> RECORDS SHOWN

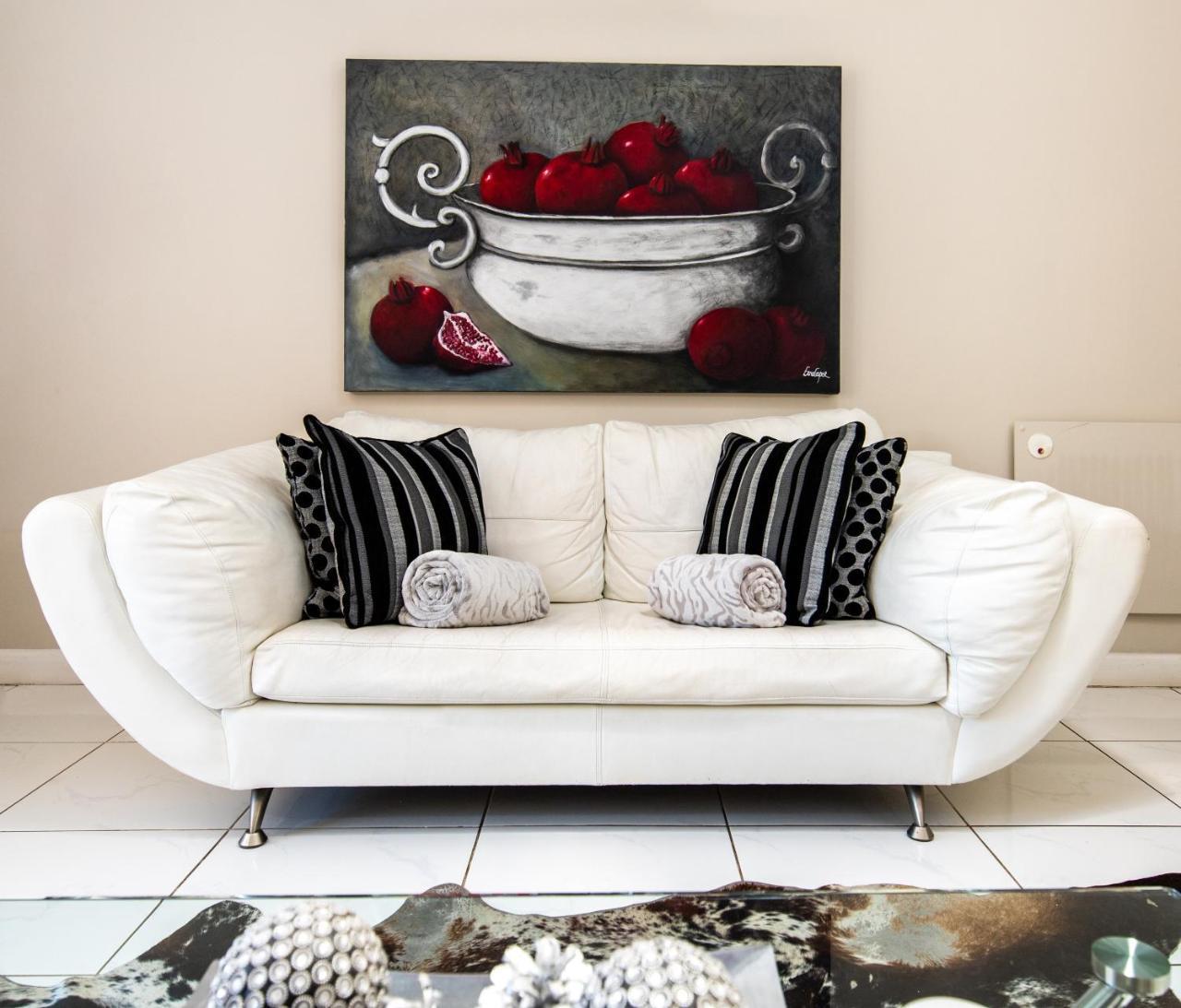 Montagu Four Seasons Apartment Bagian luar foto
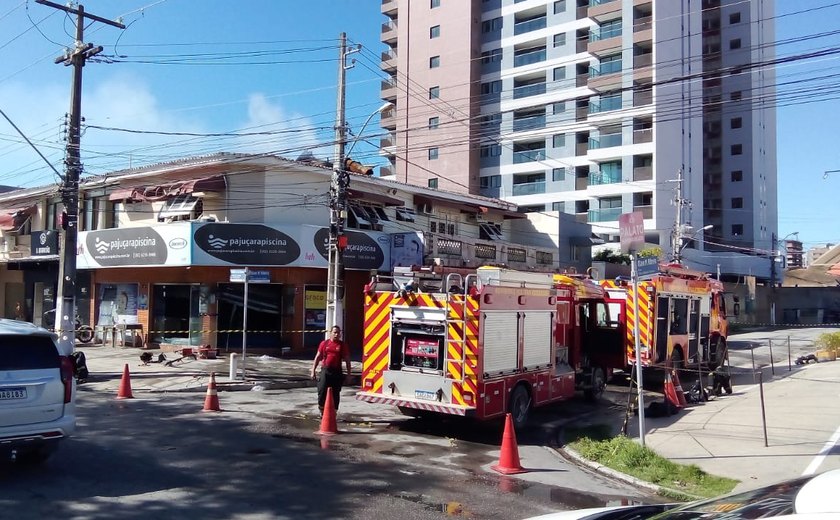 Incêndio de grandes proporções atinge loja e mata 10 gatos na parte baixa de Maceió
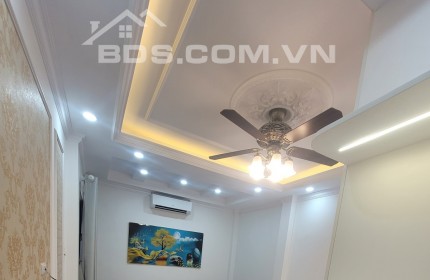 Đống Đa - Mặt phố Văn Chương, lô góc ô tô vào nhà - 80m2,- nhà 4 tầng 7,8 tỷ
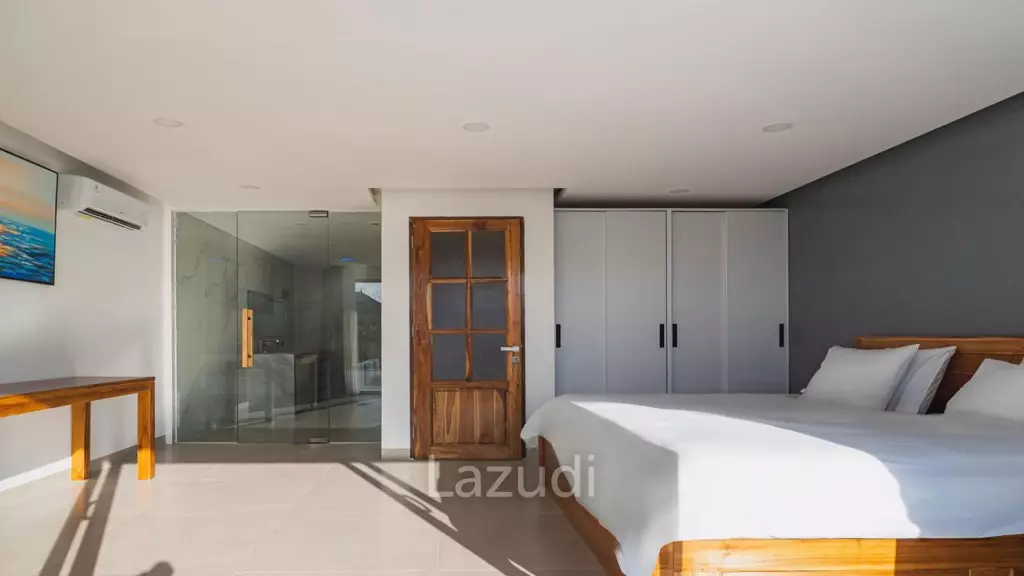 Brand new Modern 3 Bedroom close to the beach in Seminyak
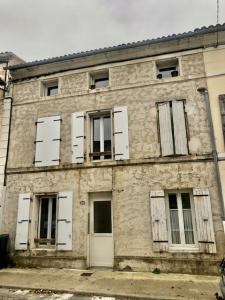 For sale Apartment building SAUJON  17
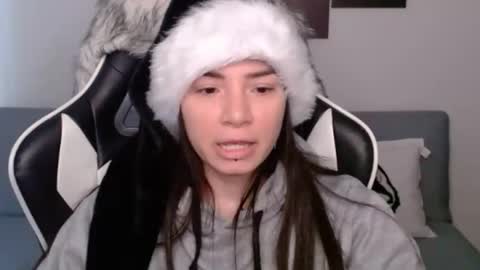 Snapshot of wolfs_daughter chatting on 12/22/24, 09:20 Alex online show from 12/22/24, 09:20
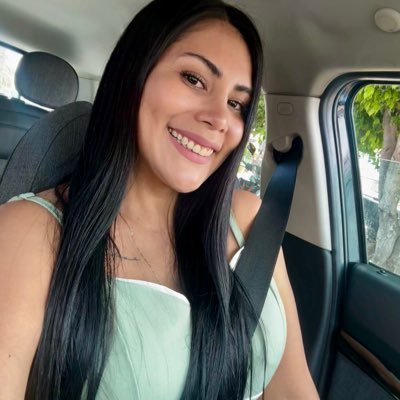 I’m a businesswoman & the founder, owner, and chief operator of the companies Dianglish School and Diana’s Home. Please check them out and follow us. 📚🇺🇸🇬🇧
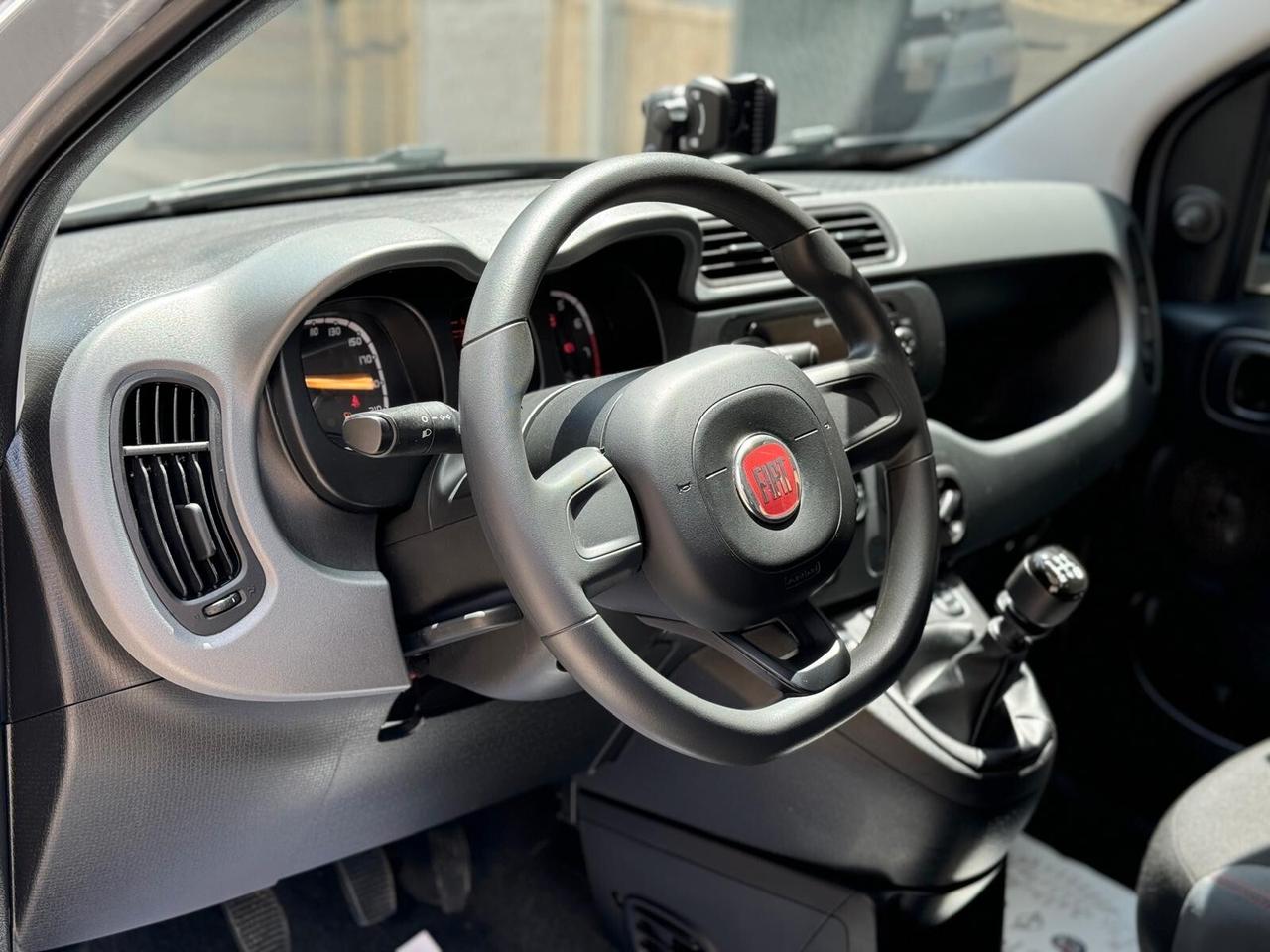 FIAT PANDA 1.2 CITY CROSS 69HP EU6- 2019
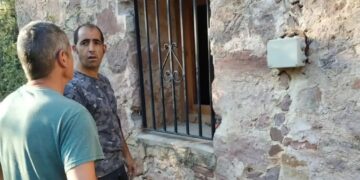 Detenido el alcalde de Villar del Humo por tener más de 200 plantas de marihuana en su casa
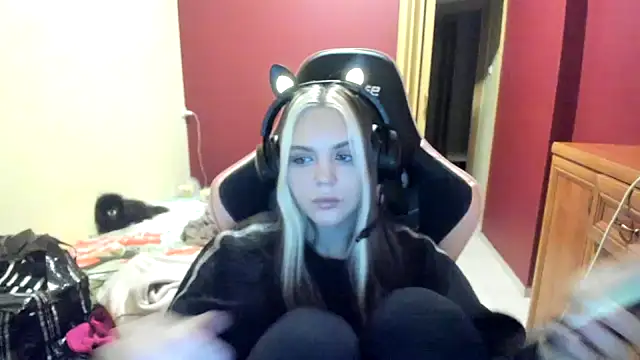 LunaAngell online show from 01/14/26, 11:20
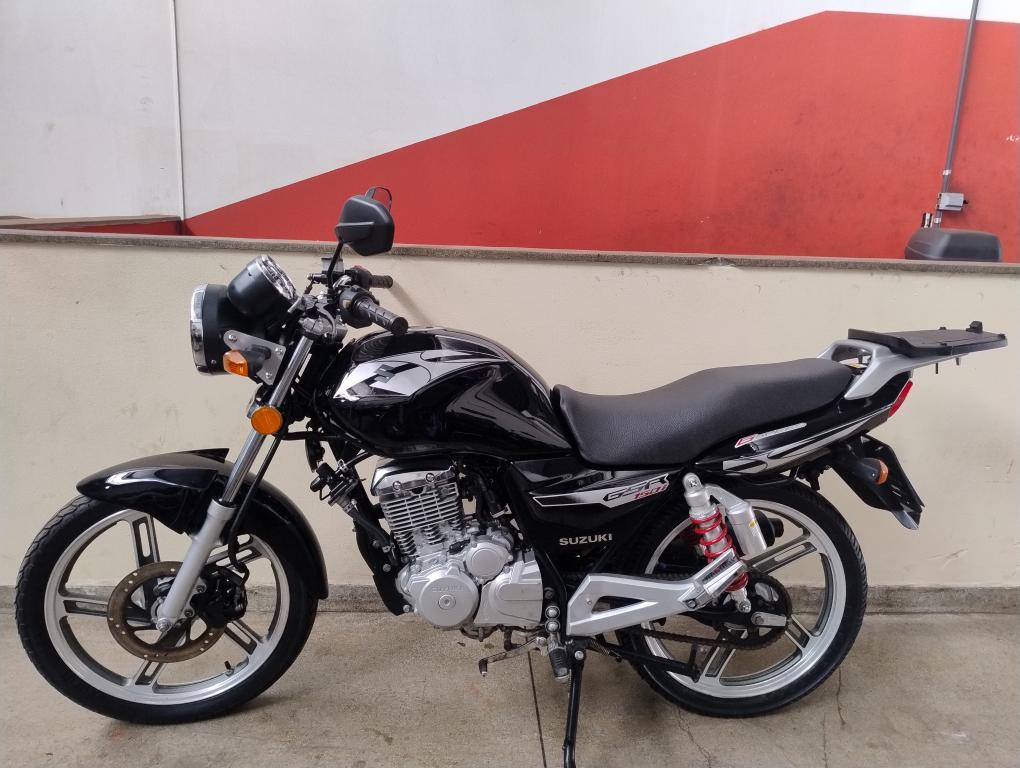 SUZUKI GSR 150 - Foto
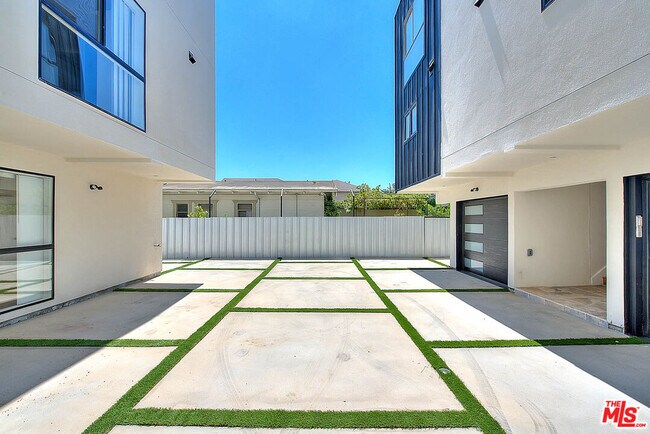 Building Photo - 1013 Wilton Pl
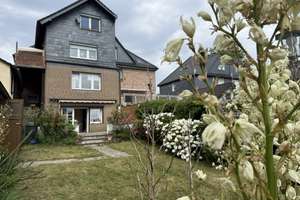 Ihr grünes Zuhause: Charmante Maisonettewohnung mit eigenem Eingang und großem Gartenparadies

> WORK TO COMPLETE
Find the line with "Incêndio de grandes" in the entries above. Set down exactly every line from it up to and including the line with "Building Photo - 1013 Wilton Pl", images excluded.

> RESULT OF THE EXERCISE
 Incêndio de grandes proporções atinge loja e mata 10 gatos na parte baixa de Maceió
 Đống Đa - Mặt phố Văn Chương, lô góc ô tô vào nhà - 80m2,- nhà 4 tầng 7,8 tỷ
 Brand new Modern 3 Bedroom close to the beach in Seminyak
 For sale Apartment building SAUJON  17
 Snapshot of wolfs_daughter chatting on 12/22/24, 09:20 Alex online show from 12/22/24, 09:20
 I’m a businesswoman & the founder, owner, and chief operator of the companies Dianglish School and Diana’s Home. Please check them out and follow us. 📚🇺🇸🇬🇧
 FIAT PANDA 1.2 CITY CROSS 69HP EU6- 2019
 Detenido el alcalde de Villar del Humo por tener más de 200 plantas de marihuana en su casa
 LunaAngell online show from 01/14/26, 11:20
 SUZUKI GSR 150 - Foto
 Building Photo - 1013 Wilton Pl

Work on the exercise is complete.